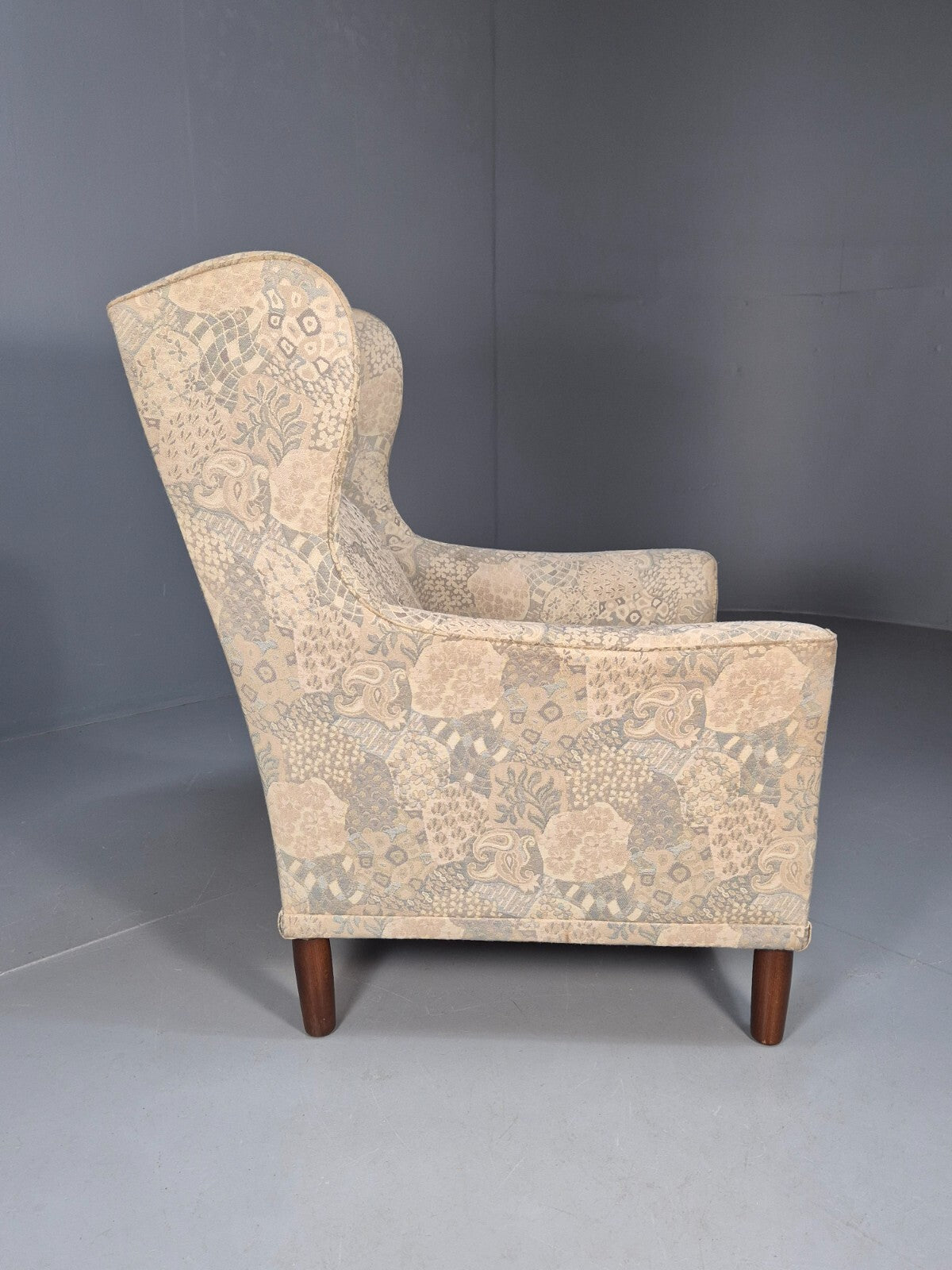 Vintage Danish Wingback Armchair Cream Grey Abstract Print Retro EB9695 MNOR - UKDK FURNITURE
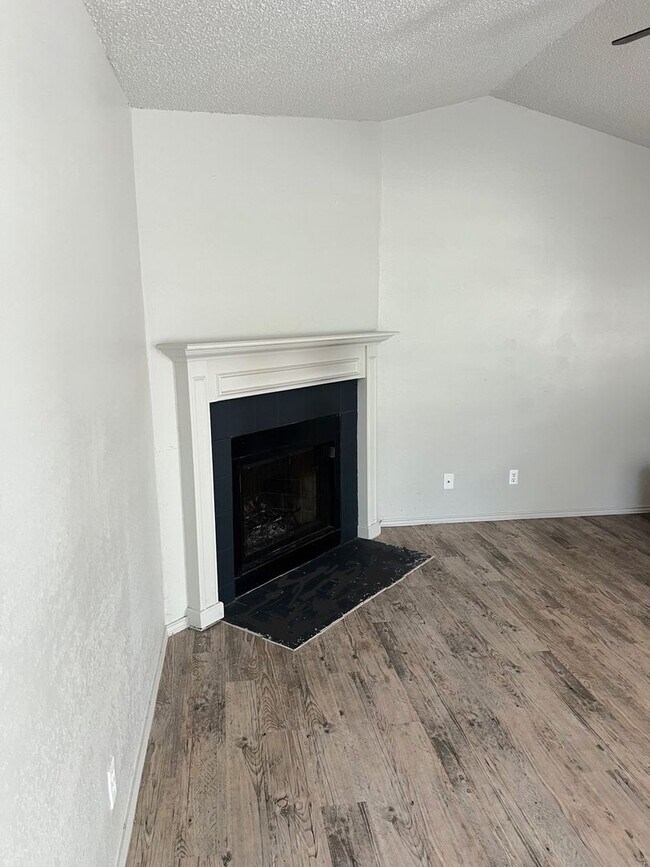 Building Photo - 405 Fantail Loop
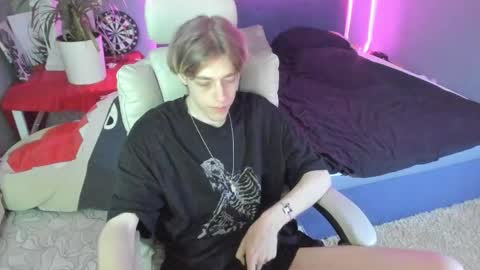 Snapshot of zane_steele chatting on April 18, 2026, 8:31 pm Kel online show from April 18, 2026, 8:31 pm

•••

REQUIRED ACTION: Without including any picture, write out the material above verbatim.

COMPLETED EXERCISE:
 Vintage Danish Wingback Armchair Cream Grey Abstract Print Retro EB9695 MNOR - UKDK FURNITURE
 Building Photo - 405 Fantail Loop
 Snapshot of zane_steele chatting on April 18, 2026, 8:31 pm Kel online show from April 18, 2026, 8:31 pm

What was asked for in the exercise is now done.